Presented to the AAS at the January 2008 meeting in Austin, Texas. [AAS link]
Molecular clouds are enmeshed in webs of diffuse atomic gas that contain important information about their formation and interaction with their environment, not least because the atomic gas can trace lower column densities that are unshielded from UV radiation. The nearby molecular cloud complex MBM 53-55 (Magnani et al. 1985; Yamamoto et al. 2003) is thought to be part of an expanding shell from either stellar winds or a past supernova (Gir et al. 1994).

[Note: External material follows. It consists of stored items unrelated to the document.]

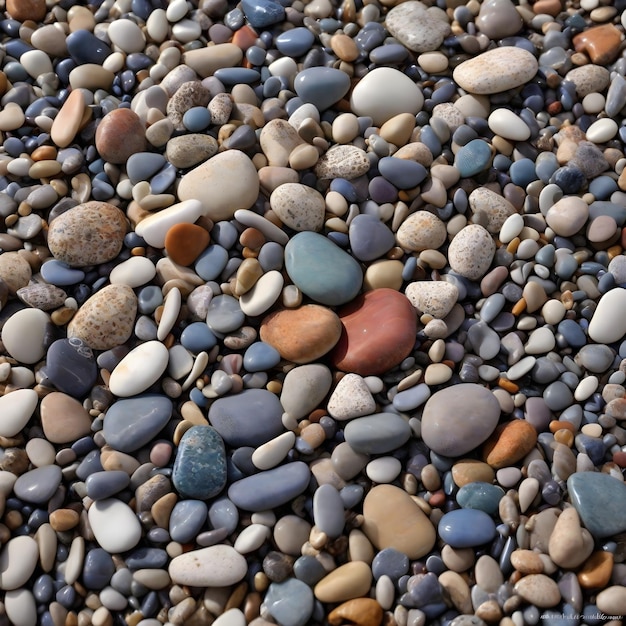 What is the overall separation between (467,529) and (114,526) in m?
0.53

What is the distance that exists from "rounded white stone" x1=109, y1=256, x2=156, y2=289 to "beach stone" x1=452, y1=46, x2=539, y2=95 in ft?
2.43

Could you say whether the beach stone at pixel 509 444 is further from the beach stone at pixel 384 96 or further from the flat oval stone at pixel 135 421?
the beach stone at pixel 384 96

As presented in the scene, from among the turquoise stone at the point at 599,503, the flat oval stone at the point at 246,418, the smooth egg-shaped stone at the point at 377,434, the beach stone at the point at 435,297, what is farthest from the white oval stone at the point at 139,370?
the turquoise stone at the point at 599,503

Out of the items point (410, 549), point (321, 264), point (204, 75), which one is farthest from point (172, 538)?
point (204, 75)

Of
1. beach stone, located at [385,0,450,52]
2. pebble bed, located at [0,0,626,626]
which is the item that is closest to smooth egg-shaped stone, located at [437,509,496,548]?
pebble bed, located at [0,0,626,626]

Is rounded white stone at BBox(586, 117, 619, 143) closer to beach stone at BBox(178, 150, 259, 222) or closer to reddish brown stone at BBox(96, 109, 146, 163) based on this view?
beach stone at BBox(178, 150, 259, 222)

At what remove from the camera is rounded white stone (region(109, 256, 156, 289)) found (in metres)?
1.22

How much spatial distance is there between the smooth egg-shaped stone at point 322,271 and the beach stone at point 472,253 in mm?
176

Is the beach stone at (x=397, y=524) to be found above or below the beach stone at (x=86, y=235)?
below

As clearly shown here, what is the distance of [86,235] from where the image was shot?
1221 millimetres

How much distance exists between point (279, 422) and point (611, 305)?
607 mm

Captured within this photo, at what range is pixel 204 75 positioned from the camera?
1.46 metres

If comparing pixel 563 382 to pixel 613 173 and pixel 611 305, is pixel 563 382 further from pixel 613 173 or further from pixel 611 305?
pixel 613 173

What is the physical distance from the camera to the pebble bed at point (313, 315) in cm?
102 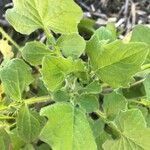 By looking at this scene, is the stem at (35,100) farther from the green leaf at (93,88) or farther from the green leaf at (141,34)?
the green leaf at (141,34)

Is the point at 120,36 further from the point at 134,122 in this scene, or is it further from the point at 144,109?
the point at 134,122

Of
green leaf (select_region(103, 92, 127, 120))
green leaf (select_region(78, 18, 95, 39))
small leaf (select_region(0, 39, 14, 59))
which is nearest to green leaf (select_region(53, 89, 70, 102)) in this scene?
green leaf (select_region(103, 92, 127, 120))

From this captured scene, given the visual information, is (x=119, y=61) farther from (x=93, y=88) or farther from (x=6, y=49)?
(x=6, y=49)

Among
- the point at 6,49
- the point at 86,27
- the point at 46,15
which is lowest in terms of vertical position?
the point at 86,27

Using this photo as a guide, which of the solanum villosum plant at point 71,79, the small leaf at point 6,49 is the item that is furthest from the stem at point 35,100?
the small leaf at point 6,49

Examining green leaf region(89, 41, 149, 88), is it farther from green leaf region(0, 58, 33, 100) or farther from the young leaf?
green leaf region(0, 58, 33, 100)

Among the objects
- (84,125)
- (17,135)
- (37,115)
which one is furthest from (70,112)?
(17,135)

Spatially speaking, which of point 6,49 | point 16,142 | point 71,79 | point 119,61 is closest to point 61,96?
point 71,79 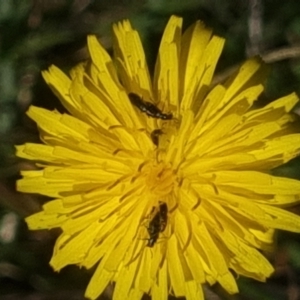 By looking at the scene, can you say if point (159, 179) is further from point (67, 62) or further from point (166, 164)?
point (67, 62)

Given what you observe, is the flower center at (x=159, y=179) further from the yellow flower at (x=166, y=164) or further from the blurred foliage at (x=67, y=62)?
the blurred foliage at (x=67, y=62)

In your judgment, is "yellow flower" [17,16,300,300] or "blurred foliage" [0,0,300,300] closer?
"yellow flower" [17,16,300,300]

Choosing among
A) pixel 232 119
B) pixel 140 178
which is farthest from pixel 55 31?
pixel 232 119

Although this complex subtends some 15 degrees on the sky, its atomic gas has not previously been imaged at sub-parsec scales. The GALFA H I sky survey of Galactic 21cm-line emission with the Arecibo L-band Feed Array has recently mapped the MBM 53-55 region with a 3.5-arcminute beam and 0.2 km/s channels. GALFA's high resolution and sensitivity allow the H I content, environment, and kinematics of these clouds to be explored as never before. The observed H I structure matches IRAS dust emission so well that it is hard to identify IRAS filaments without H I counterparts: the GALFA survey essentially adds a velocity axis to IRAS maps. Most high column density H I features also appear to have CO emission counterparts, but there are also disagreements that may trace the gas phase evolution. We will consider the implications of the GALFA H I data for the origins of the shell-like structure and the formation of the molecular clouds.
This work is supported by the National Astronomy and Ionosphere Center, operated by Cornell University under Cooperative Agreement with the National Science Foundation.